Alors dans un moment de doute on s’interroge : « Mais c’est vrai, ça, la France a peut-être tellement fait déjà que la coupe est pleine, qu’il y a une sorte de saturation peut-être compréhensible, non? » En tout cas c’est la posture politicienne affichée: ne nous en demandez pas plus, on est au bout du rouleau, d’autant que comme l’a dit l’autre, on ne peut pas « accueillir toute la misère du monde » – je hais cette expression, sous ses dehors de maxime frappée au coin du bon sens, elle ne sert qu’à renvoyer l’autre à son insignifiance. Quand je l’entend, je pense au petit rictus satisfait de celui qui l’a inventée en se disant qu’avec cette formule, il allait soulager une fois pour toutes notre conscience de nantis repus, que la formule allait fermer leur clapet à tous ceux qui estiment qu’on pourrait faire un peu plus sans forcément se faire happer dans l’abîme de la pauvreté et de la famine.

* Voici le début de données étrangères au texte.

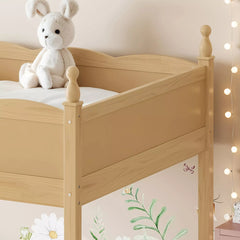 Bellemave® Solid Wood Full Size Loft Bed with Guardrails & Ladder, Space-Saving - Bellemave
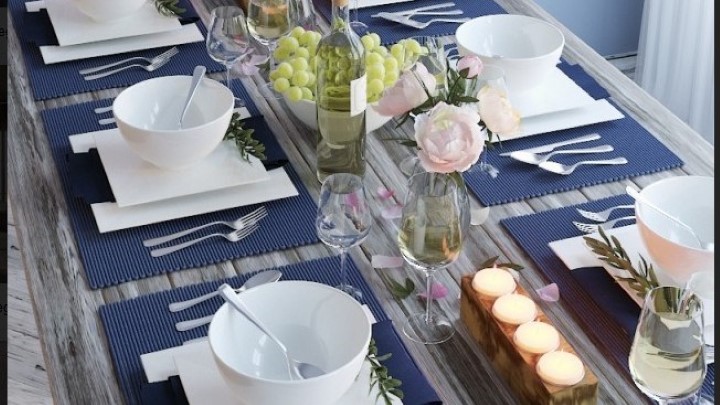 渲染模型_桌面食物餐具008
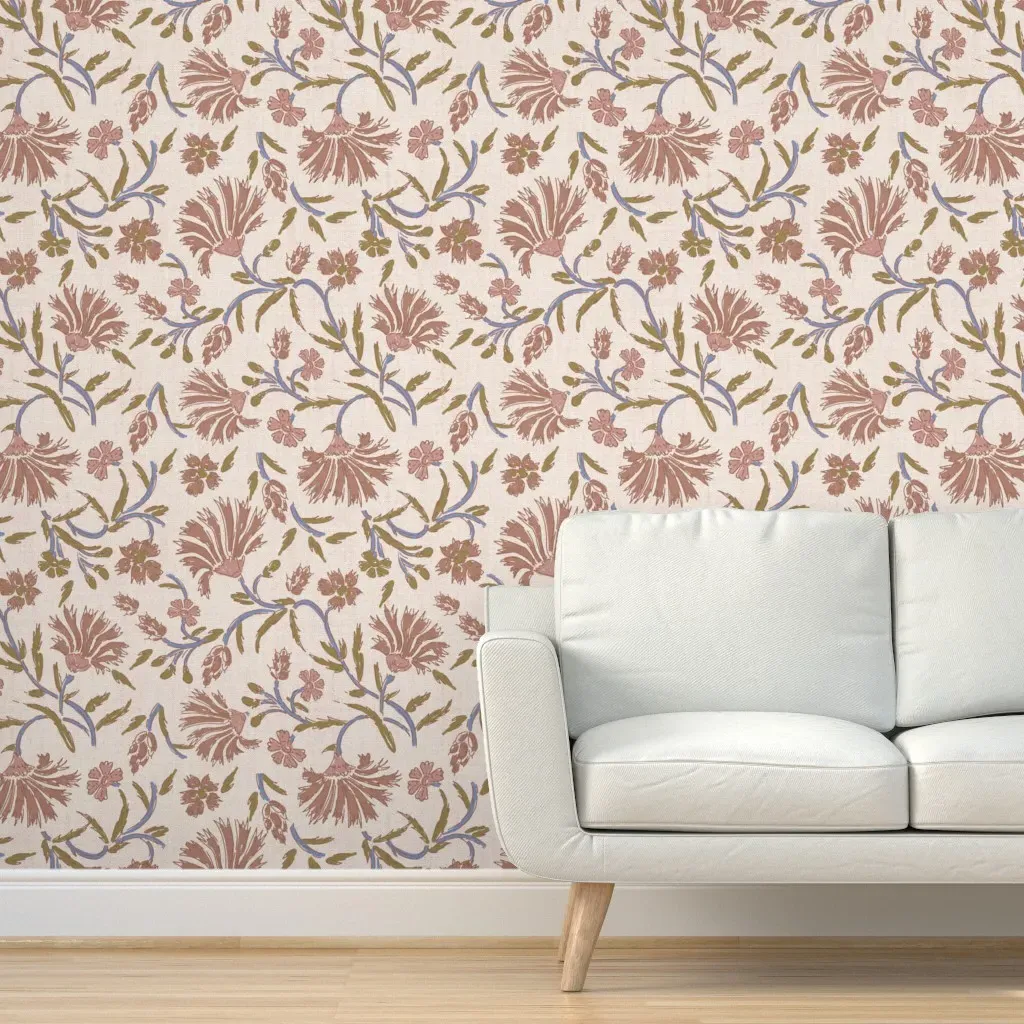 Vienne Studio Kalami Peel and Stick Wallpaper - Dusty Rose product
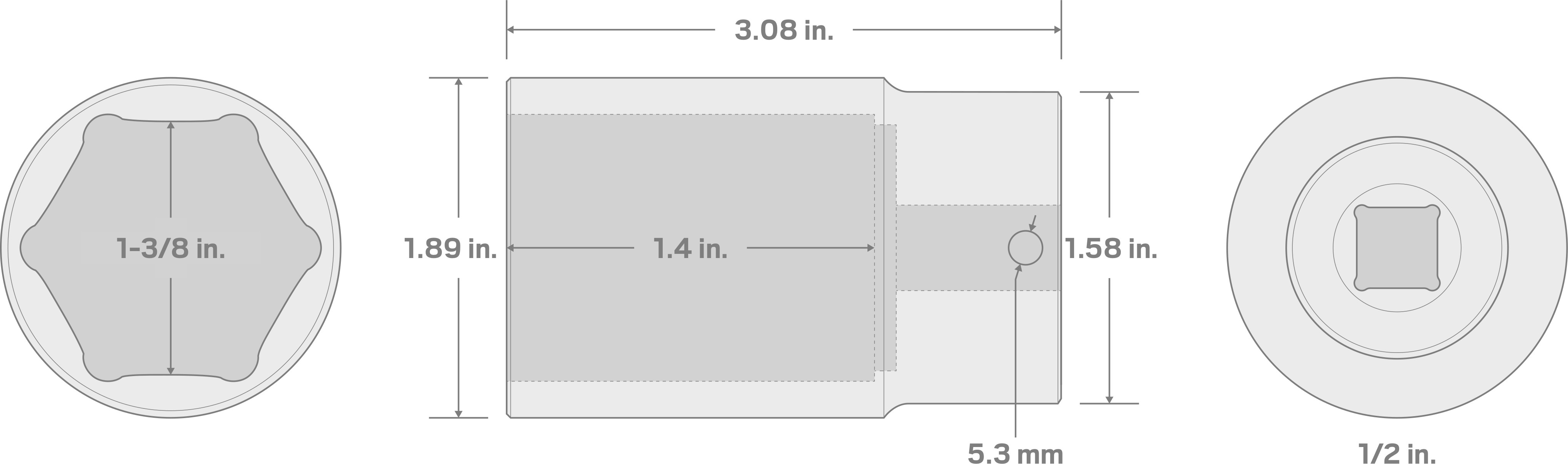 Specs for 1/2 Inch Drive x 1-3/8 Inch Deep 6-Point Impact Socket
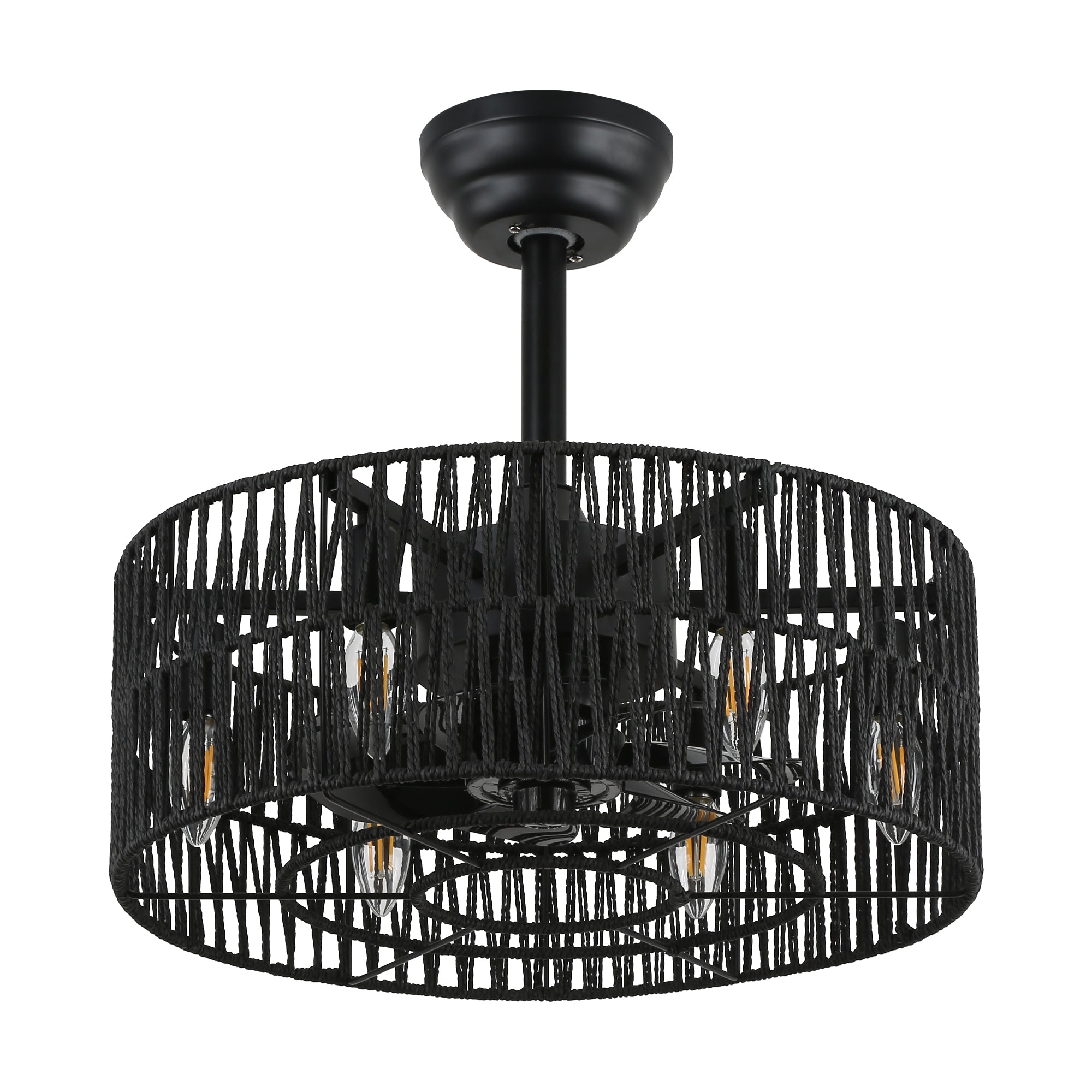 18 Inch Black Rattan Farmhouse Caged Ceiling Fan with Lights and Remote, Eeversible Bladeless Ceiling Fan for Bedroom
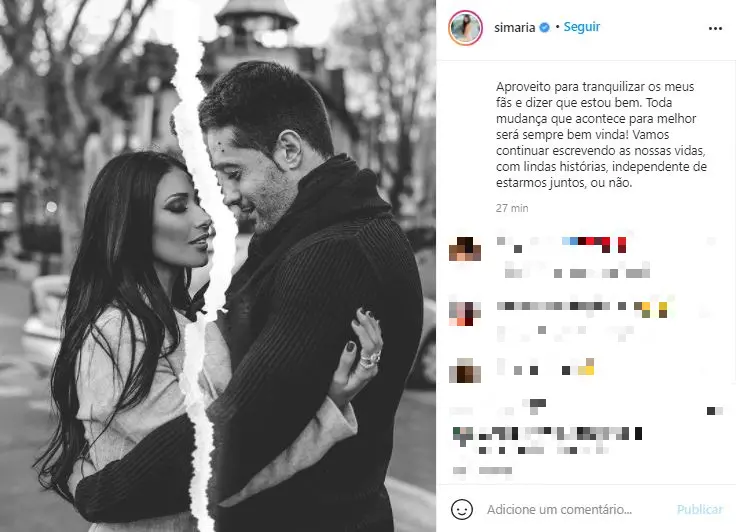 Simaria anuncia separação nas redes sociais
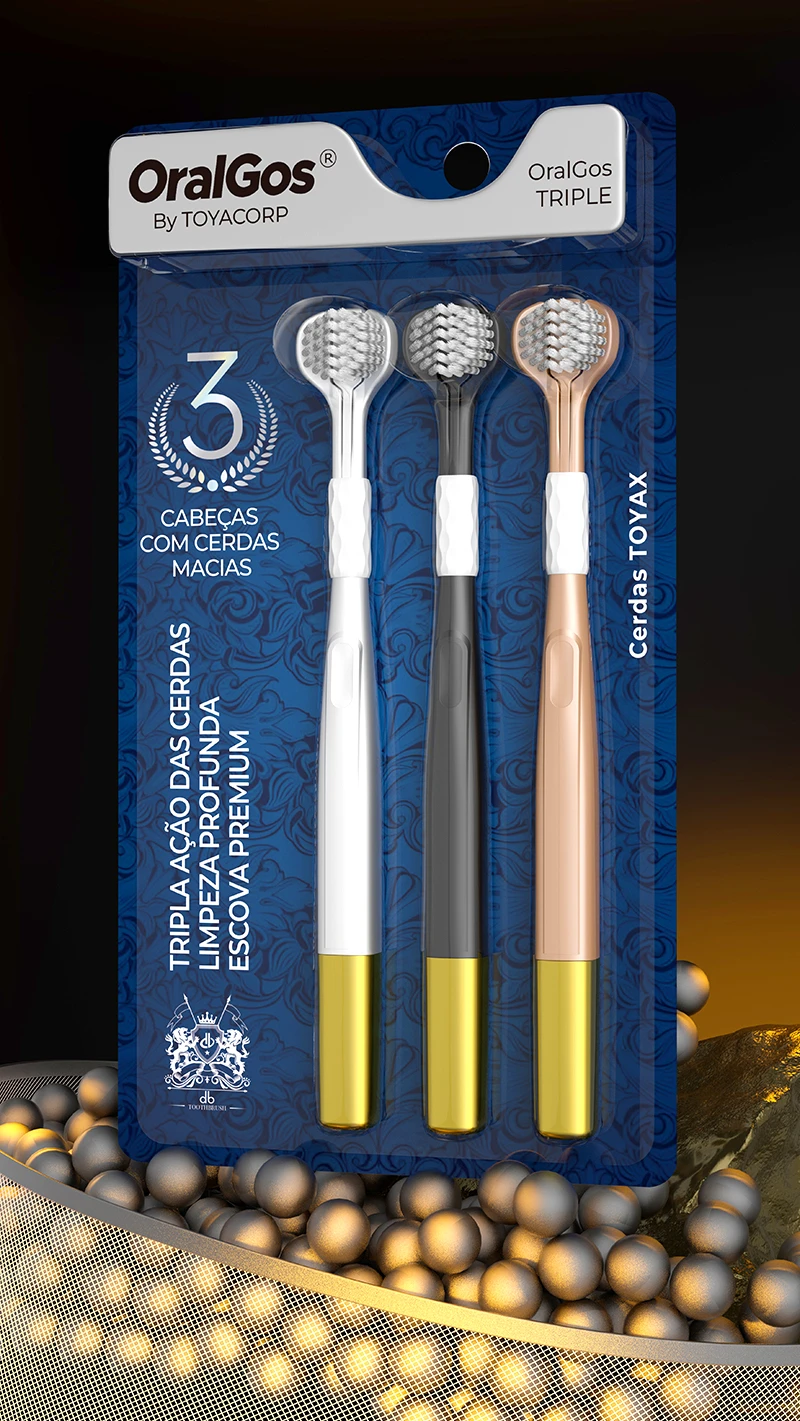 OralGos DB782 Triple-Sided Manual Toothbrush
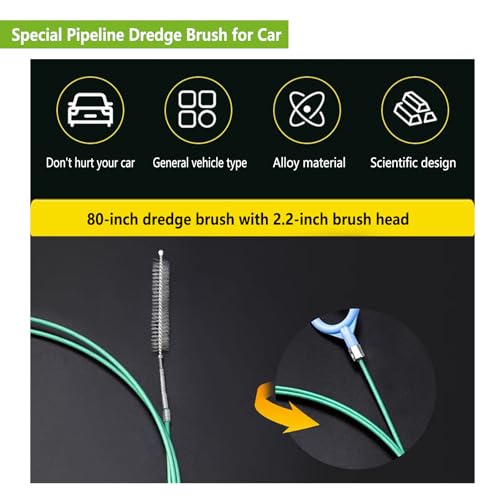 ANIS·KEBBR Slim Flexible Pipe Cleaner Brush Bendable Dredger for Narrow Tubes Air Hoses 80"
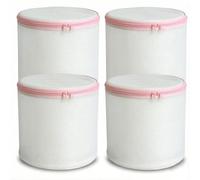 NOVAGO Lot de 4 Filets à Linge Blancs pour Soutien-Gorge Taille L 17x19 cm - Sacs de Lavage en Maille avec Fermeture Éclair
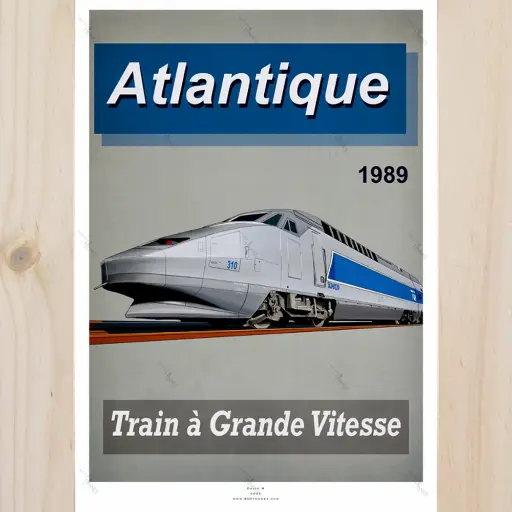 [8TATLANTIQUE] Poster TGV Atlantique - 800tonnes 8TATLANTIQUE - A2 42.0 x 59.4 cm - 1989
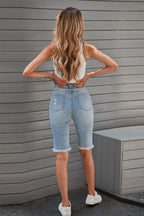 Distressed Raw Hem Denim Bermuda Shorts - Delanoir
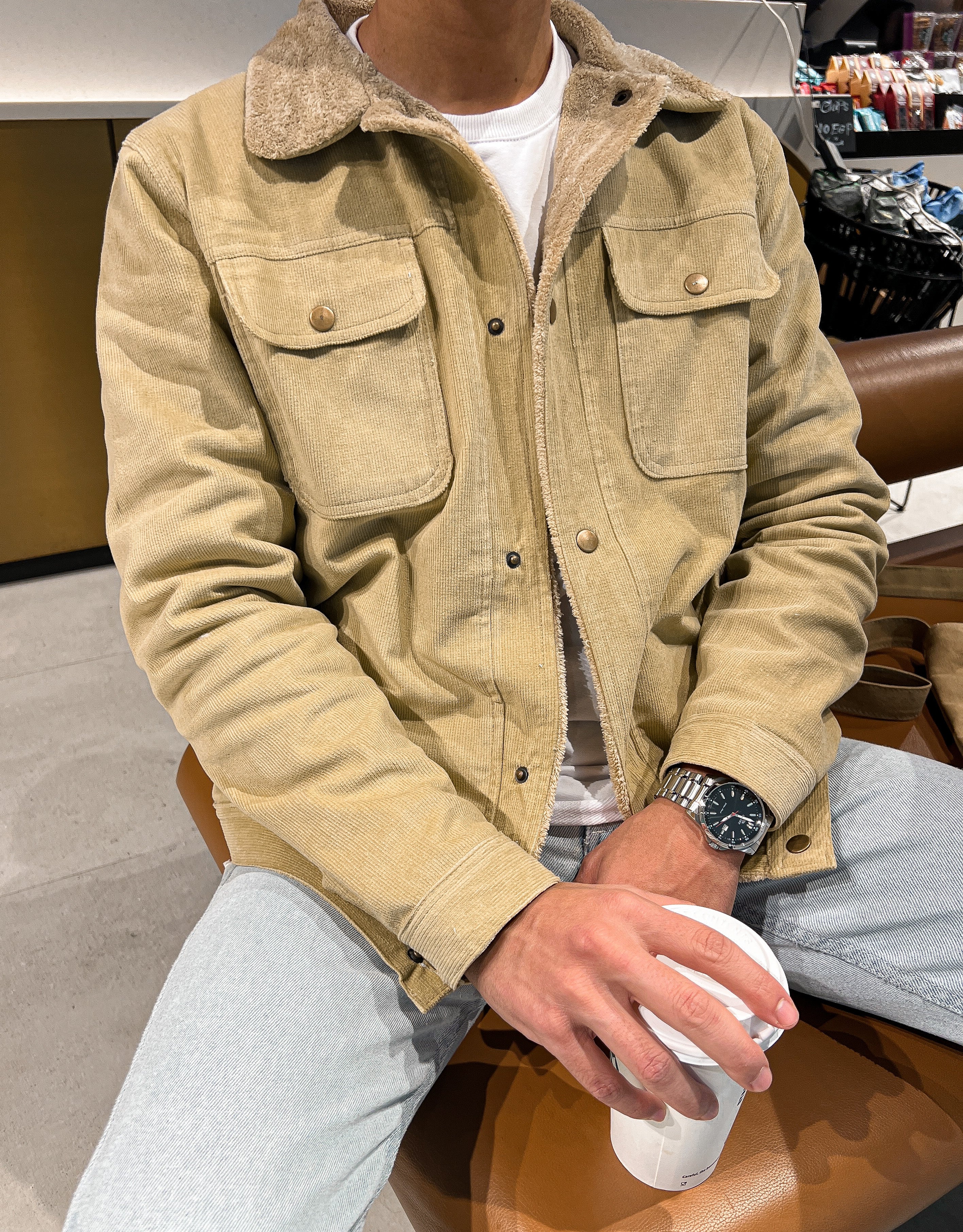 FLEECE-LINED CORDUROY JACKET BEIGE - Image 2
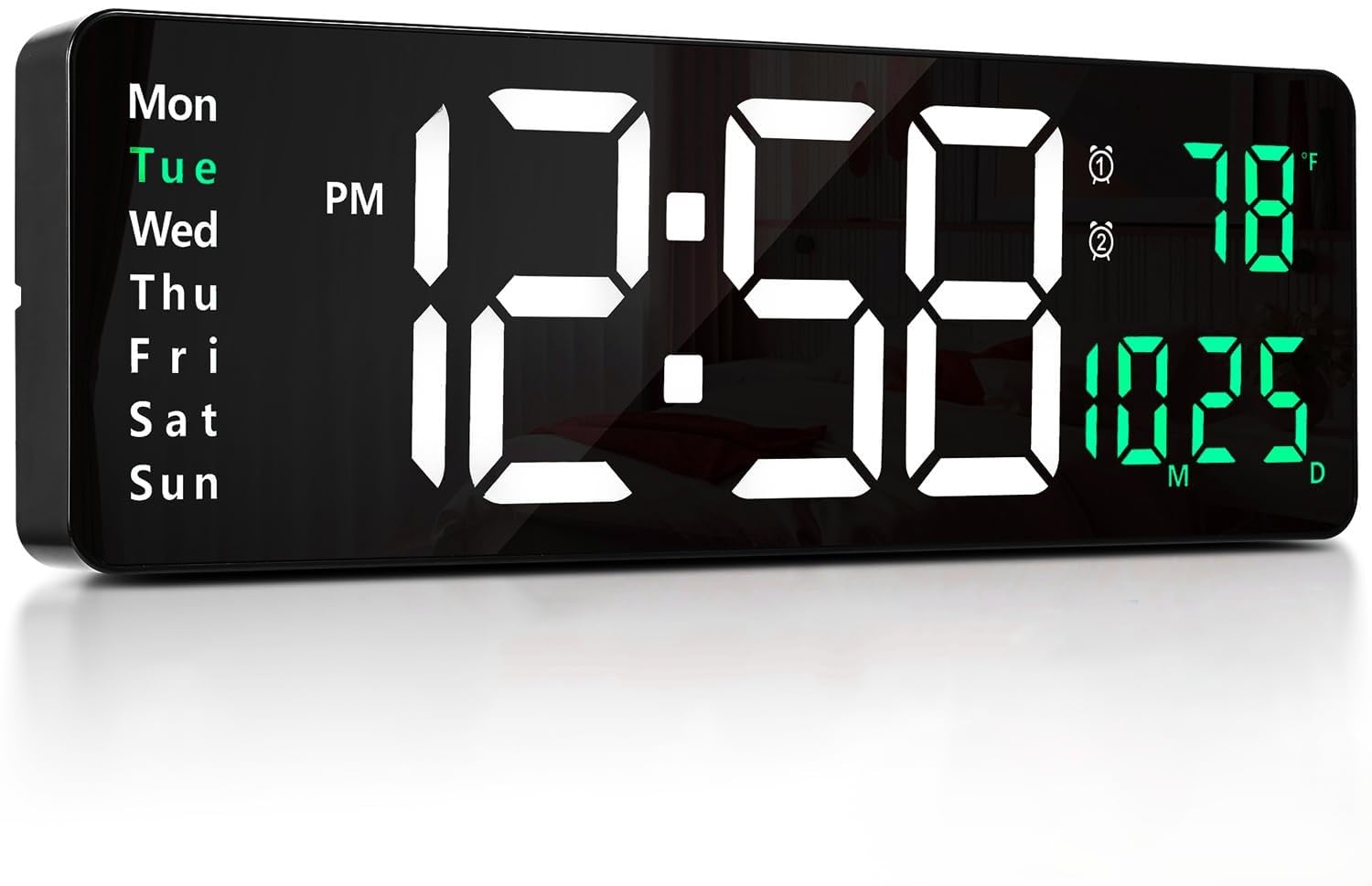 Lwenki Plastic Digital USB Wall Shelf Clock with 13 Inch Large Display Multifunctional Wall Mount Alarm Clock with Remote Control for Living Room Home & Office (Black)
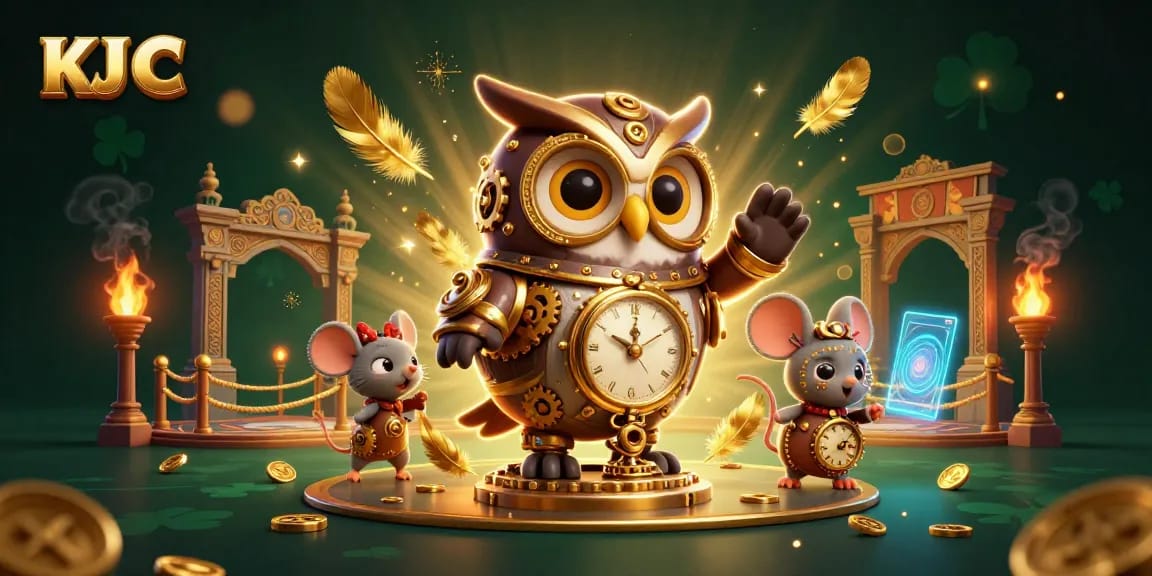 KJ C brings luck to players at a steampunk-themed casino with vibrant gaming elements.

On s’interroge, donc, et on se renseigne… Et voilà ce qu’on trouve (dans une étude du CNRS parue en juin 2022):« La Syrie comptait 22 millions d’habitants avant la guerre. Combien de demandes d’asile syriennes la France a‑t-elle cumulées de 2014 à 2020? Environ 25.200, selon les données transmises à Eurostat. C’est un chiffre dérisoire, comparé à celui de l’Allemagne, qui a enregistré dans la même période 633.100 demandes de Syriens, soit… 25 fois plus. Or, selon le Haut-Commissariat de l’ONU aux réfugiés, le nombre total de Syriens qui ont dû fuir leur pays s’élève au printemps 2022 à 6,8 millions (sachant que les déplacés internes sont à peu près aussi nombreux). La plupart sont restés dans les pays limitrophes: Turquie, Liban, Jordanie. Seuls 17 % ont pu déposer une demande d’asile dans un pays de l’Union européenne, soit 1.140.220 personnes. Sur ce nombre, l’Allemagne en a enregistré 55,5 % et la France pas plus de 2,2 %. Le compte est simple : 2,2 % des 17 % de Syriens enregistrés dans l’Union, cela fait moins de 0,4 % de l’ensemble des exilés syriens (25.200 sur 6,8 millions). On est loin du « tsunami » dénoncé par certains partis.«
Alors s’il vous plaît, faites les choix politiques que vous voulez, mais de grâce, arrêtez de parler comme si on en avait déjà trop fait.